Sensory analysis (overall liking, colour, taste, texture and flavour) of crackers
Results of sensory study showed that all sensory scores for crackers were in the range from like slightly to like very much (Fig. 2). Replacement of chickpea flour with virgin pumpkin seed cake flour slightly decreased, while replacement with cold-pressed pumpkin seed cake flour significantly increased overall liking of crackers, especially their taste and flavour. Cracker 35CFC was superior in terms of all analysed sensory properties, followed by the 20CFC. Cracker 35VFC was the least acceptable. In their study, Kaur and Sharma (48) showed that cookies supplemented with raw pumpkin seed flour were more acceptable than the cookies supplemented with roasted pumpkin seed flour, which is in agreement with the results presented in this study. Although colour differences between samples were clearly visible, the colour liking among samples was not significant (p<0.05), except between samples 35VFC and 35CFC (p>0.05). Liking scores were in the range from ’slight liking’ (5.80) for 35VFC to ’like very much’ (7.50) for 35CFC. Han et al. (1) studied the effect of various types of pulse flour and different mass fractions (desi chickpea, green lentil, red lentil, pinto bean, navy bean and yellow pea) on the development of gluten-free pulse-based cracker snacks, and similar to our findings, they found no statistical difference in colour acceptability scores that were in the range from 6.0 (for crackers containing navy bean flour) to 6.7 (for crackers containing pea protein isolate). Moreover, they concluded that within the evaluated range of samples, the colour was not barrier to product acceptability.

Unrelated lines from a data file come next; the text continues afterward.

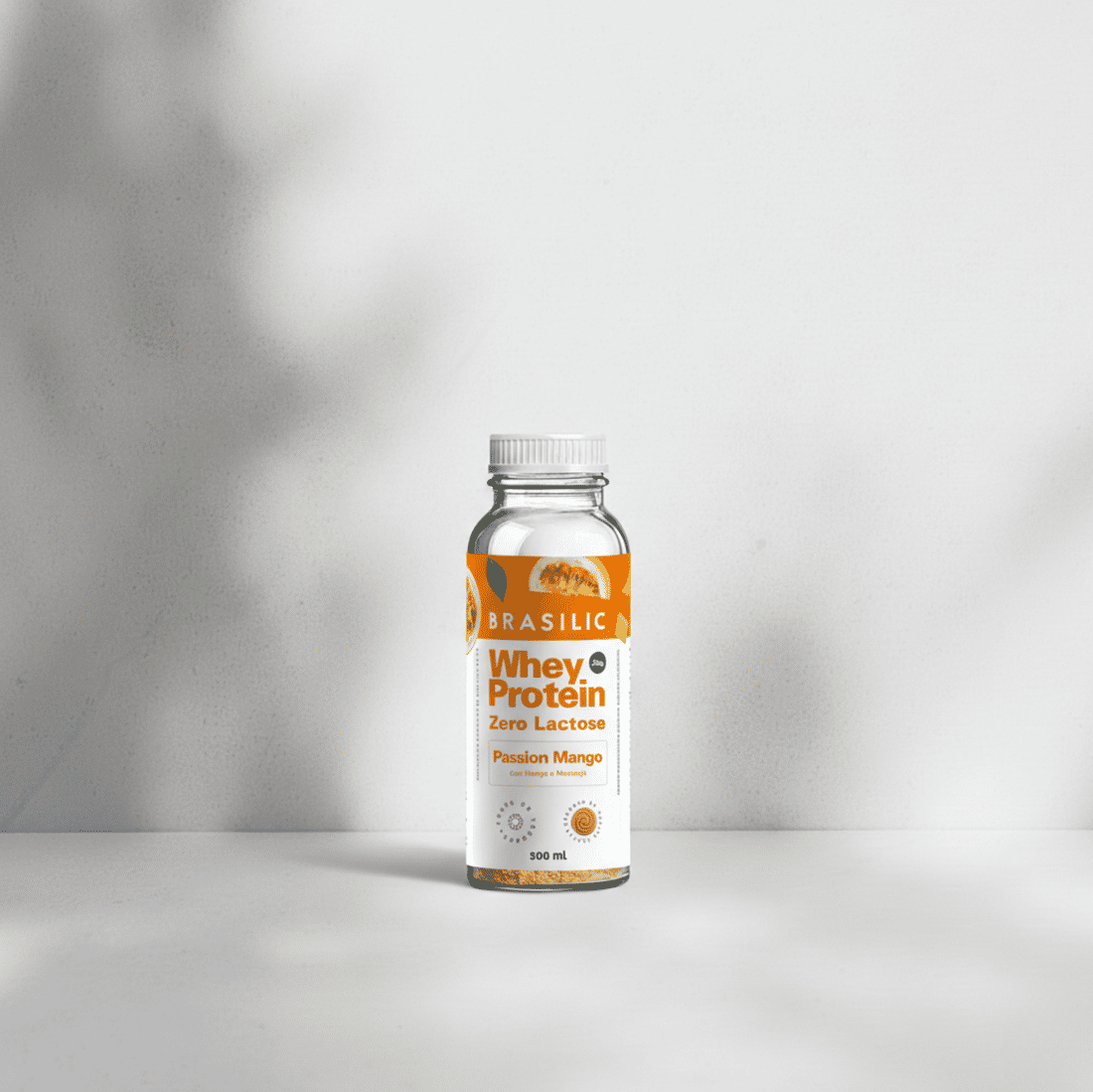 Whey Protein Concentrado Zero Lactose Manga e Maracujá Passion Mango Garrafinha Whey Protein Concentrado Zero Lactose Manga e Maracujá Passion Mango Garrafinha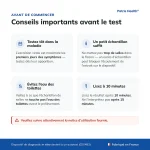 Conseils importants avant d utiliser le Patris Health Autotest Rotavirus et Adenovirus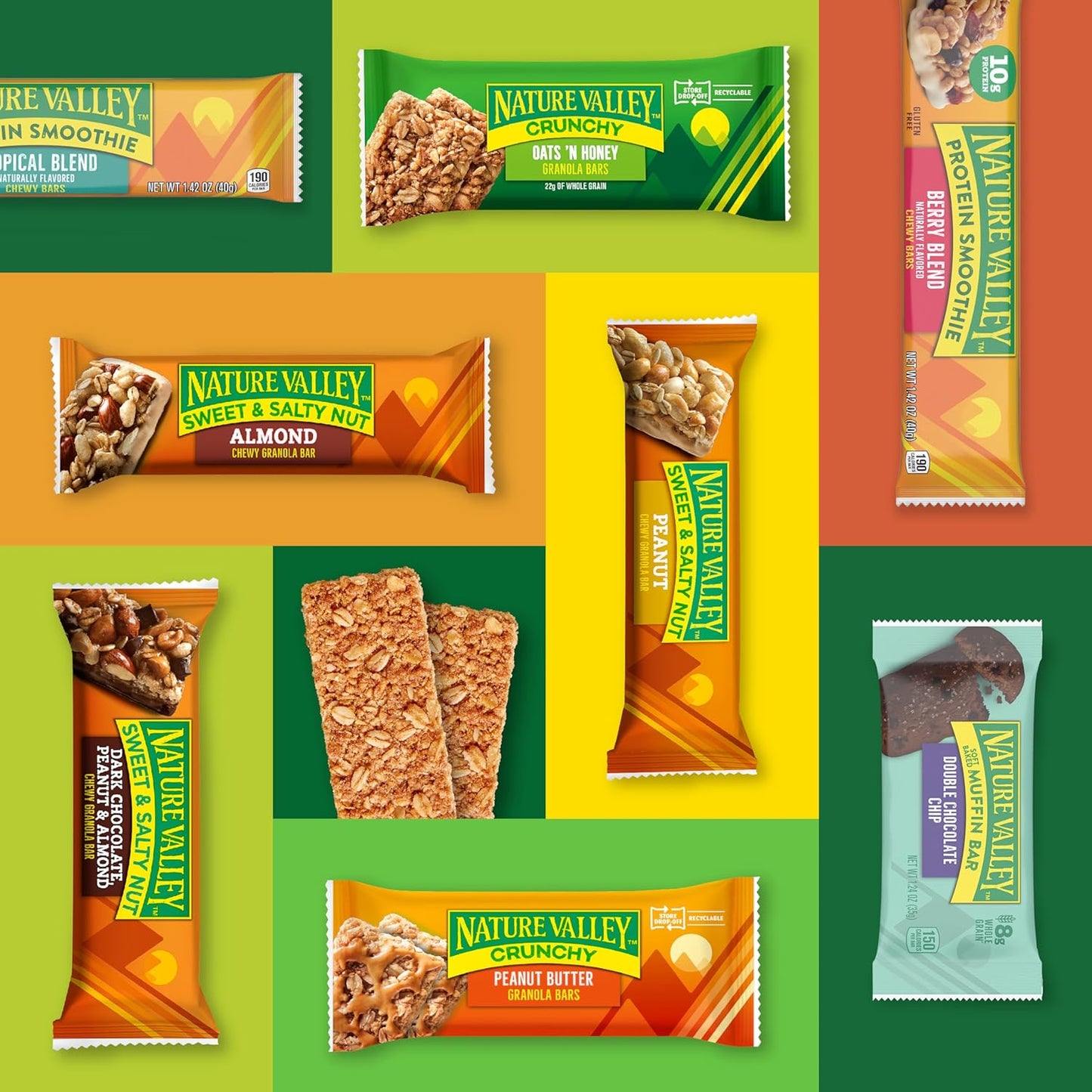 Nature Valley Creamy Protein Bars – Desk Drawer Protein Snack for Busy Office Professionals, 10g Per Bar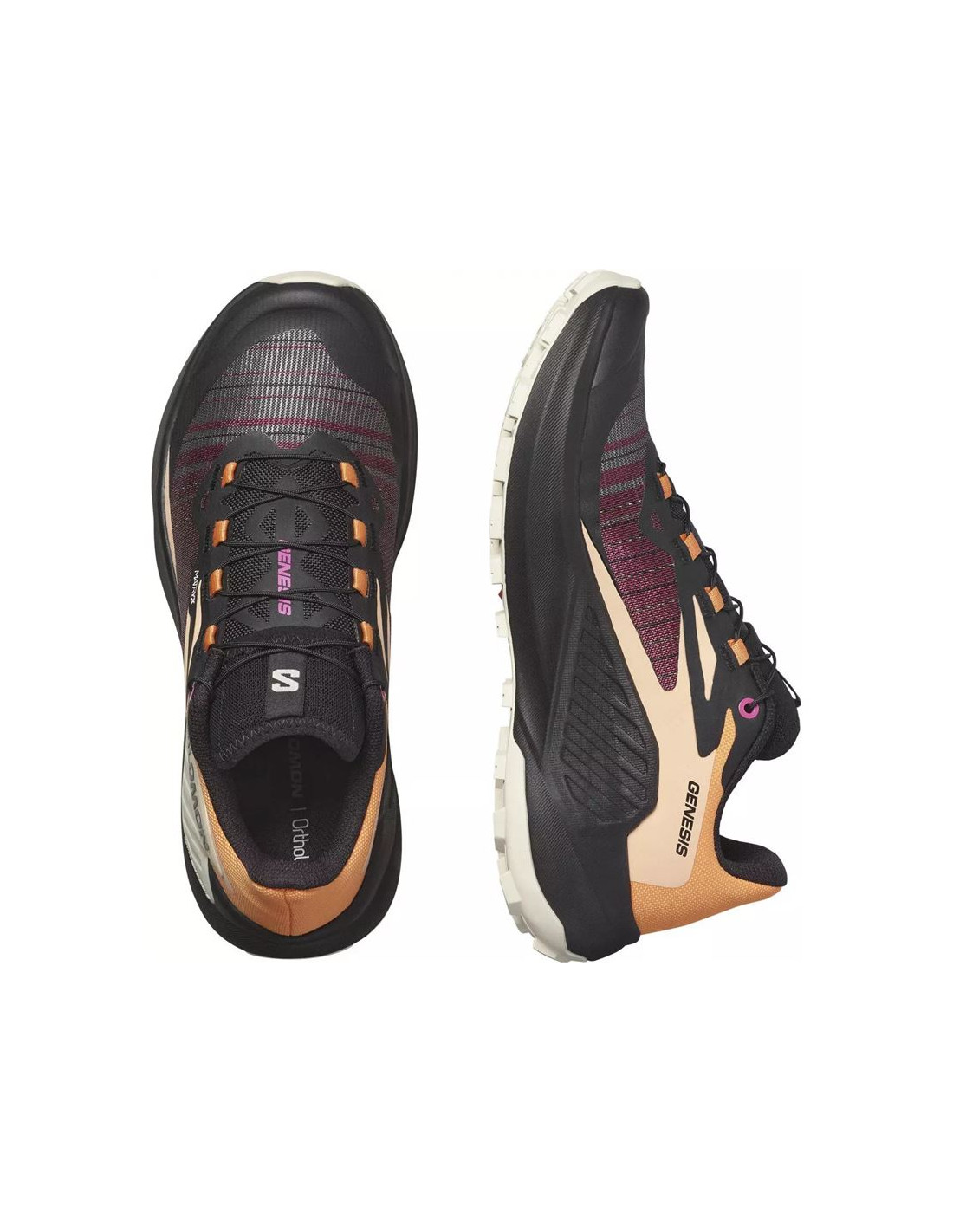 Zapatillas de Trail Salomon Genesis Bparad/Black/Almilk Mujer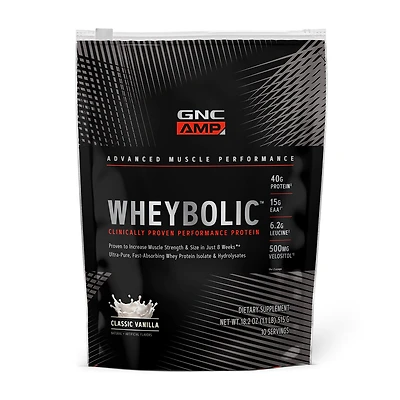 GNC AMP Whey Proteinbolic Healthy - Classic Vanilla (10 Servings)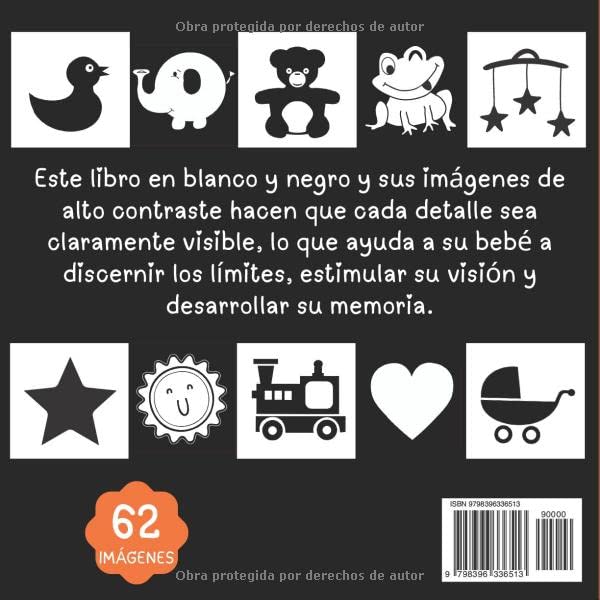 Miniatura 2 de Libro de Contrastes Blanco y Negro Para Recien Nacidos Imágenes Contrastadas Para Bebés de 0 a 12 Meses - Estimulación visual y Despertar Sensorial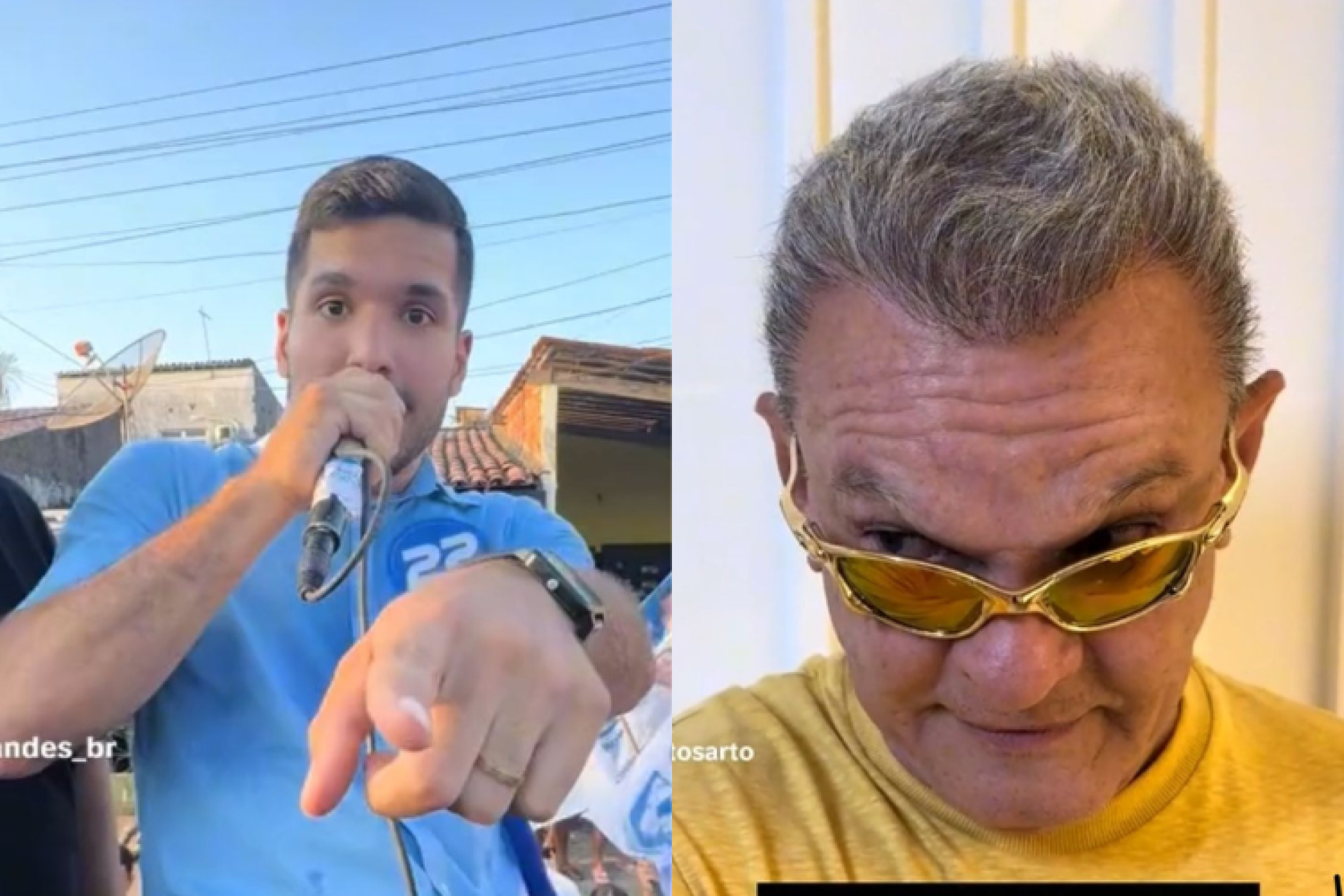 Fernandes e Sarto viralizam e travam 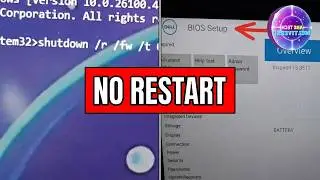 🔥😮Boot into UEFI BIOS🖥️ Without Restart Key Using CMD | bios setup windows 11💻🔥 #viral #uefi #laptop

The present study revealed that the combination of chickpea and pumpkin seed press cake flour could be successfully utilised in the production of gluten-free crackers without the use of conventional gluten-free starch-rich ingredients. These selected raw materials had multiple benefits which are reflected in the increased nutritional quality of final product, including increased protein and dietary fibre content, improved mineral and fatty acid profile, enhanced total phenolic content and antioxidant activity compared to the control sample. The selected combination of raw materials used in this study allows the production of gluten-free crackers with a moderate glycaemic index. Moreover, it was shown that cold-pressed pumpkin seed cake flour would perform better than virgin pumpkin seed cake flour in terms of product texture and overall acceptability. Further research should be focused on the cracker shelf life assessment but also on the safety aspects of this novel food product.